Guys, I'm new to the forum and I'm in need of some help here. I recently installed a cctv security camera system in my home. I have Directv wired in the home, and I'm trying to split the signal on the directv cable to merge with the cctv signal so I don't have to run more cable. I ordered 4 diplexers online with the hopes of being able to get this to work, but I'm not having any luck.

I tried to run the video out signal from the back of the DVR up into the attic where the splitter for the Directv is. At that point I connected the diplexer in/out side to the coax that was running into the room I wanted the signal to enter. On the other end of the diplexer, I connected the cctv signal to the TV input on the diplexer and the satellite wire coming out of the splitter into the SAT input on the diplexer. 

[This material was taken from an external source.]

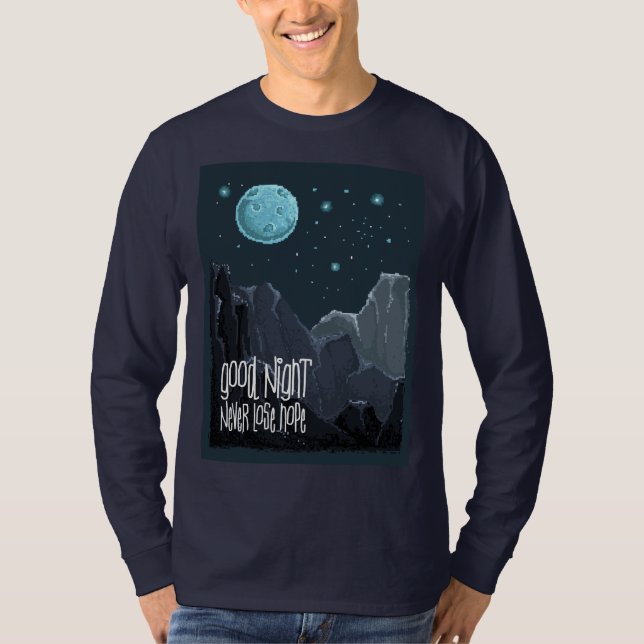 Camiseta Boa Noite Nunca Perca a Esperança (Frente)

I went into the bedroom and connected the wire coming into the room into the in/out plug of another diplexer (before the satellite receiver). I connected the SAT out on the diplexer to the satellite receiver and the TV out to the Video input on the back of the tv using a BNC to RCA adapter. 

Using that setup I can get a satellite signal, but no video from the cctv. So to verify I had a video signal coming out of the DVR I wired it direct to a portable tv using the BNC to RCA adapter and I get a video signal there from the DVR. So based on that it appears that somewhere along the line, something isn't working right. Any suggestions would be greatly appreciated. Thank you.


----------



## Yoda-DBSguy (Nov 4, 2006)

The output from the cctv/security system is composite. you need to convert that over using a modulator. (you can pick one up rather cheaply at almost any electronics retail store (best buy, radioshack, etc).

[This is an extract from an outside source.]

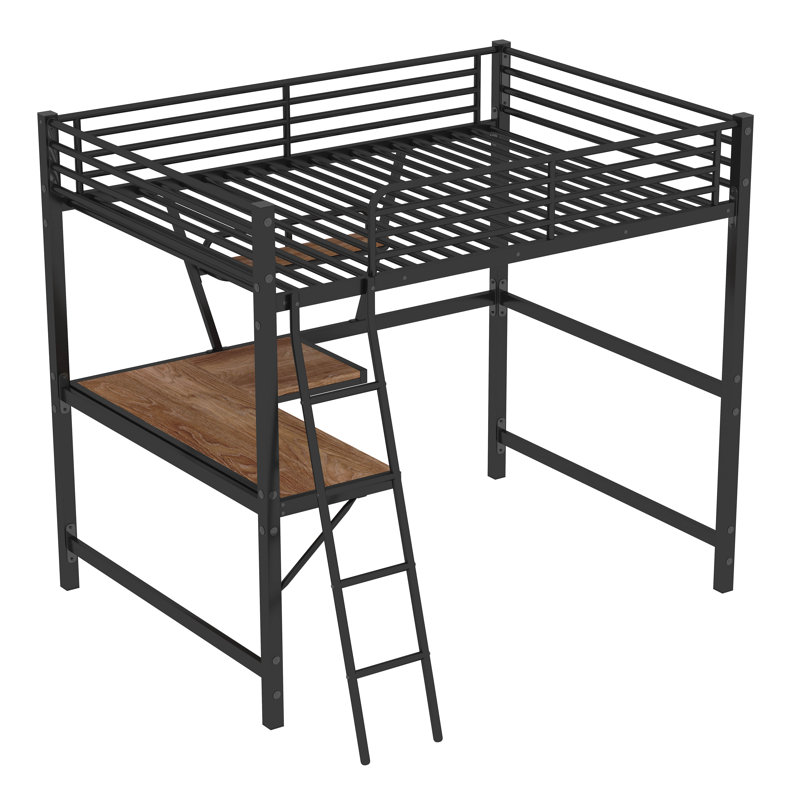 Lit mezzanine double Rhodes Kids, Noir, Double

You connect out of the security cam dvr into the modulator using composite cables. the modulator converts and assigns the signal into a usable tv channel (such as channel 3 or 4). The coaxial output of the modulator is what you'll want to run into one of the inputs of the diplexer (basically the same layout and manner you described in your origional post).

at the viewing location, place your tv on channel 3 (or whatever you assigned it to on the modulator) in order to see the dvr/cams.

Please keep in mind that diplexers can overlap signals and cause problems in certain satellite setups if you have an HD system as the frequecies will overlap causing problems with 99 and 103.


----------